Dive Brief:
- Clean Harbors will have new leadership come April, the environmental services and hazardous waste company announced Wednesday. It’s the first major transition since CEO Alan McKim founded the company in 1980.
- Chief Financial Officer Mike Battles, a nine-year company veteran, and Chief Operating Officer Eric Gerstenberg, a 32-year veteran, will serve as co-CEOs. The Norwell, Massachusetts-based company has yet to determine who will fill the CFO and COO roles after the transition.
- McKim will stay on as executive chairman of the board of directors and chief technology officer, where he will “continue to spearhead” M&A and technology initiatives, the company said. The announcement coincided with Clean Harbors’ third-quarter earnings call.
Dive Insight:
McKim dropped out of college to pursue his vision for Clean Harbors, starting the business at age 24. Succession planning has been going on for quite some time, McKim said on Wednesday’s call. He noted that the company is on the verge of meeting some of his long-held financial goals, including hitting $5 billion in revenue, which contributed to his decision on the timing of when to step down.

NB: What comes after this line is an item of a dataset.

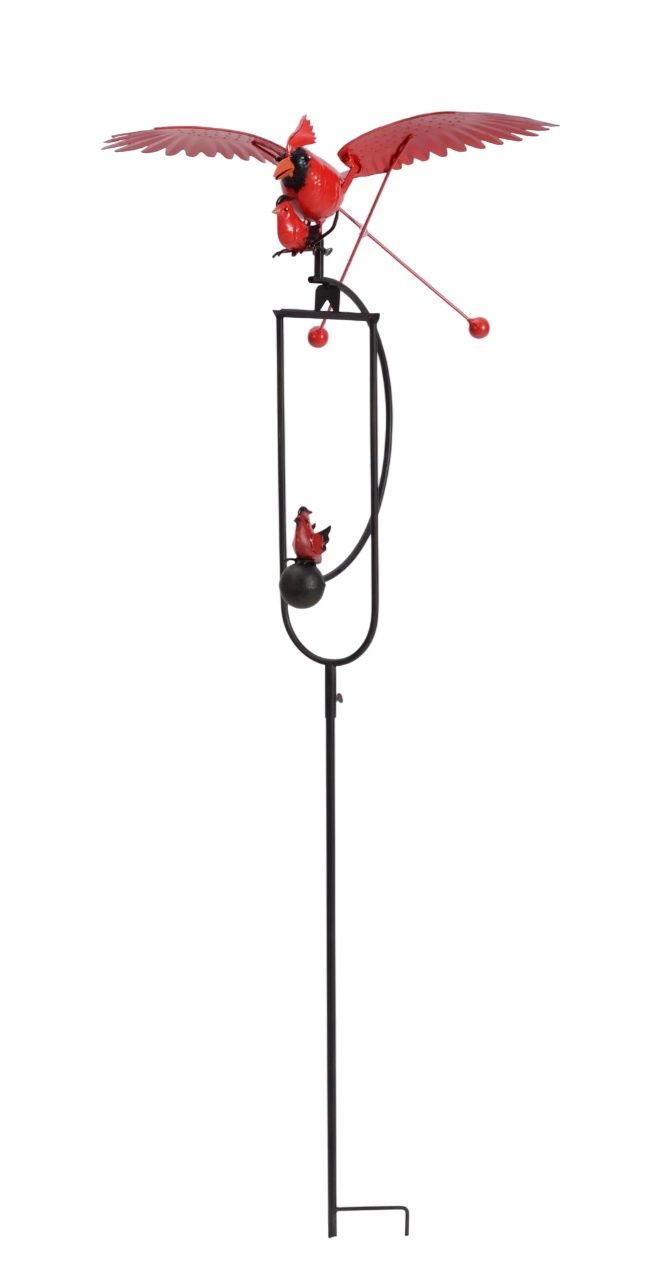 Rustic Metal Cardinal Balancer W/ Mini Birds Stake 53"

The company’s leadership ultimately decided the most seamless transition would involve elevating existing executives into a joint CEO model. When asked about the model, executives said the team will continue to sort out how that looks through the first quarter. Battles also said the company will host an investor day at some point in 2023.

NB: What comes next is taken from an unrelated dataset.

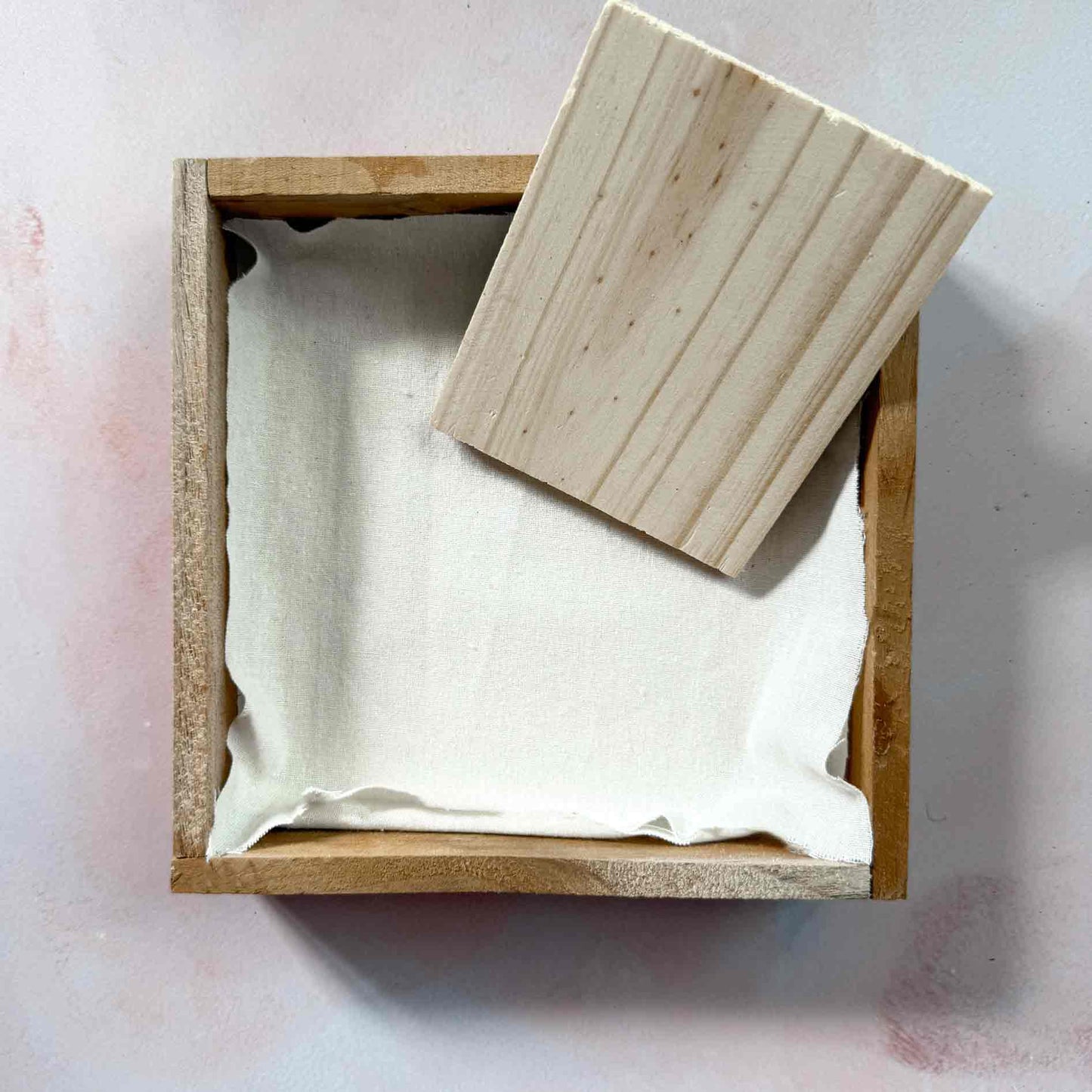 Wooden inking tray with cotton cloth and spreader for Indian wood block printing on fabric, paper and card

Battles, whose background is in public accounting and finance, joined Clean Harbors as chief accounting officer in 2013 and became chief financial officer in 2016. Gerstenberg’s history with Clean Harbors goes back much farther: He joined the company in 1989 as a frontline worker. He’s since risen through the organization and served in numerous roles, including as general manager of various facilities and head of its disposal and environmental businesses, before being named COO in 2015, he shared on the call.
During the third quarter, Clean Harbors’ revenue grew 43% to $1.36 billion. Net income totaled $135.8 million. Part of that growth comes from its ongoing integration of HydroChem PSC, which it acquired in late 2021. The company also saw strong demand across environmental services, where it’s seeing a record backlog of waste, it said in the earnings release, and it’s trying to hire “as rapidly as possible” across the segment. The company sees future tailwinds in PFAS regulations and expanded high-tech manufacturing, including for electric vehicle batteries.

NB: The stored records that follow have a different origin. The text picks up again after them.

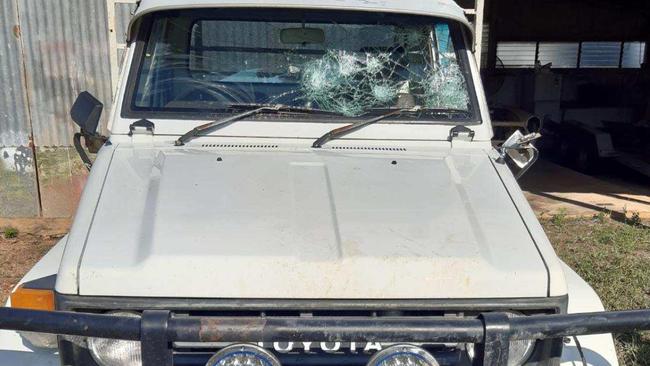 The damage to the engine, wheels and windows of the LandCruiser amounted to $25,000. Picture: Supplied.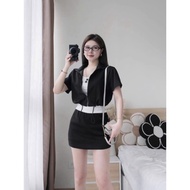 3ct noodle Set, zip-up shirt, white zip shirt, elastic cv. 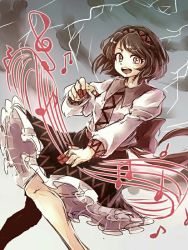1girl beamed_quavers brown_eyes brown_hair crotchet_rest female_focus hairband instrument juliet_sleeves koto_(instrument) lightning long_sleeves musical_note namuko open_mouth petticoat pigeon-toed puffy_sleeves quaver short_hair skirt solo musical_staff touhou treble_clef tsukumo_yatsuhashi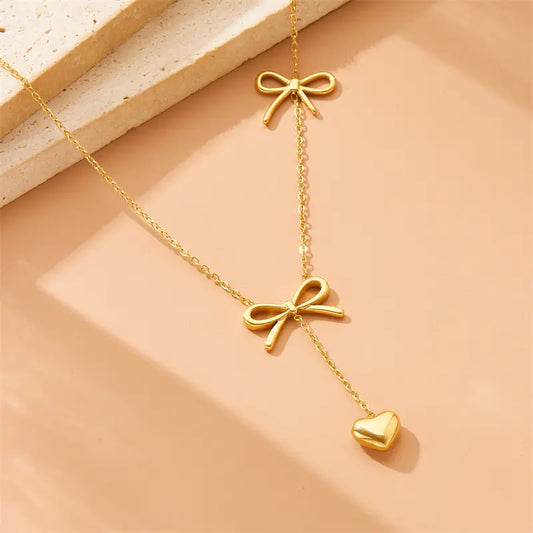 Gold Plated Anti-Tarnish Long Tassel Bow Heart Pendant Necklace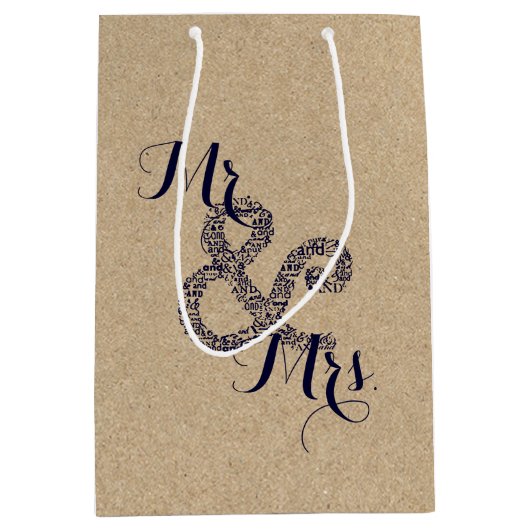 花嫁素朴秋結婚のミスター&ミセス·パーティー ミディアムペーパーバッグ (正面)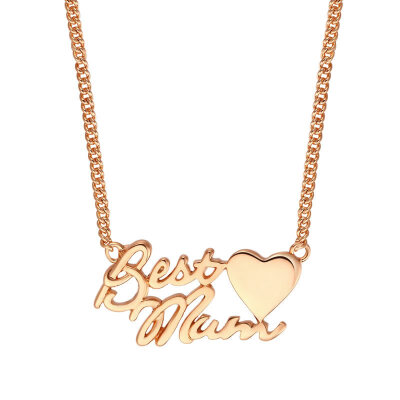 

Yoursfs@ 18K Rose/White Gold Plated Letter Best Mum Heart Necklace Chain Best Mother's Day Gift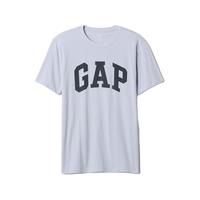 Gap男女装2025春季纯棉印花logo圆领短袖T恤上衣美版856659 浅蓝色 XL 美码 2XL亚洲码185/108A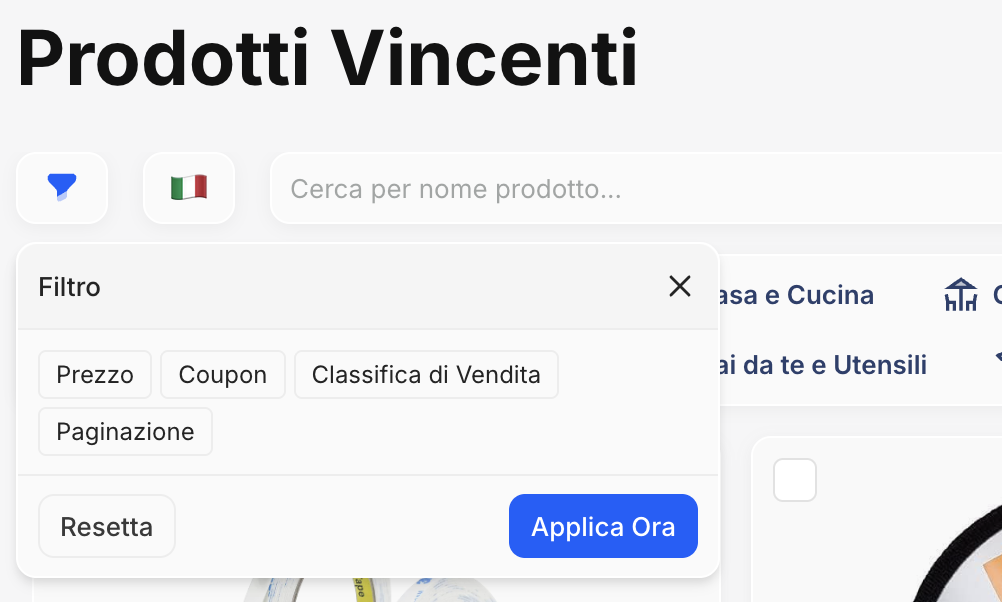 Pagina Prodotti Vincenti - Filtri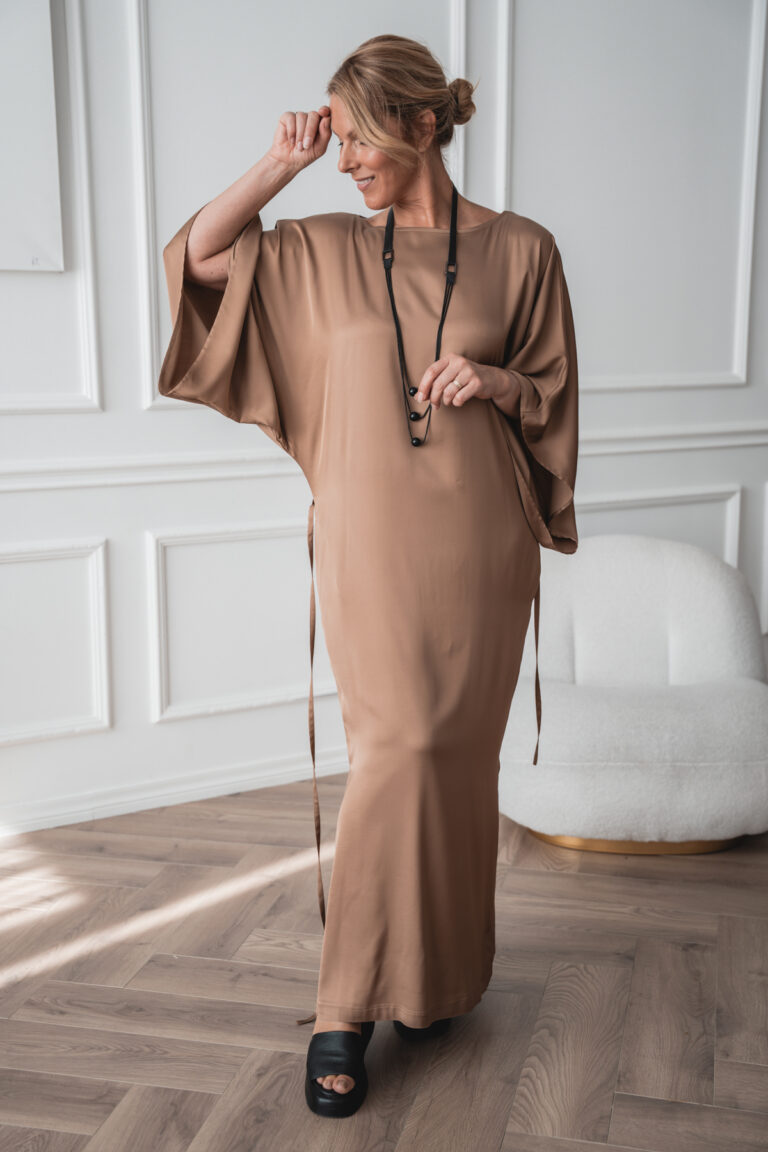 Sheer, kimono cut, golden brown dress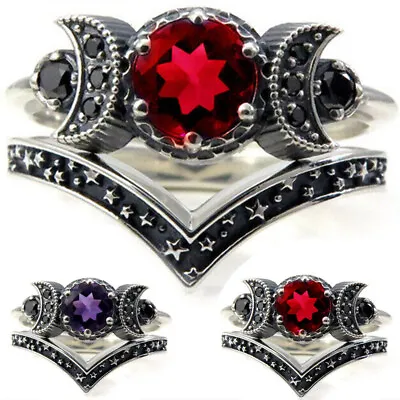 Bohemian Triple Moon Phase Ring Wiccan Pagan Goddess Witchy Gothic Women Jewelry • $1.44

McKim also touted the company’s resilience through Hurricane Ian during the quarter, and he noted the company’s total recordable incident rate has dipped below one, to 0.65 in the third quarter, for a 0.74 rate across the first nine months of the year.
Clean Harbors raised its guidance for full-year earnings, in part due to accelerated demand in environmental services and products. It now expects adjusted earnings before interest, taxes, depreciation and amortization of up to $1.030 billion. It’s reducing anticipated adjusted free cash flow to up to $290 million in light of changing working capital needs.